Eager to let out some piss and vinegar, I decided to go for Bear Mountain first. The slope of the mountain I planned to ascend looked pretty steep, but there looked to be enough space between the brush that I figured it would be a really good workout without too much of a brush battle… let’s just say: boy was I wrong… [or at least about the brush]. With super steep slopes in combination with thick brush that had me breaking out the safety goggles just 2-3 minutes after setting foot off-trail, this was one hell of a brush battle to say the least. Even utilizing animal routes for the entire way up, [without them it would have been a total ‘brush-out’, no joke], there were many places where I resorted to crawling on all fours and countless other places where I was at a total standstill, clearing a path for my upper body/head. In fact, toward the end, I was literally opting to brush into cacti over battling with brush! MapMyHike announced my 1-mile split the moment I reached the summit, and it was 1 hr 9 minutes… enough said! Thanks to the brush, the views were largely blocked in most directions, but the views to the North toward some of the bigger, distant peaks in the Gilas were quite nice. There was a large register container but only a few loose sheet of paper inside and the sign-ins were all very recent [2016 & 2017].

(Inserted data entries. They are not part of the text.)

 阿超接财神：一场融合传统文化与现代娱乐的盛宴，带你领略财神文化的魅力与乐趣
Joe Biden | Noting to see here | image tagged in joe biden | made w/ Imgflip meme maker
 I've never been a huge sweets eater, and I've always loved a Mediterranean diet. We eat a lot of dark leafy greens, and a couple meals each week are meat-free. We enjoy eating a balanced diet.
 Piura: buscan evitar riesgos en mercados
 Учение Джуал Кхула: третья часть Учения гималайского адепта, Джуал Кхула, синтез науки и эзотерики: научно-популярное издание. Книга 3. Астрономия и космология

As for the next two segments of my adventure, all I can say is luck was really on my side… I started to follow a very well-defined / cairned route off Bear Mountain, [half expecting it to soon leave me in total brush hell like the well-defined routes I followed off of a couple of the summits from my previous days adventure]… however, to my pleasant surprise, the route soon became more defined and resembled a full out trail for most of the way down. It lead nearly all the way down back out to the main road, blending/merging with a shallow, stony drainage (with almost no brush :) ), literally just before reaching the bottom. What would’ve otherwise been a hellishly brushy, 1+ hour off-trail descent took all of 10-15 minutes.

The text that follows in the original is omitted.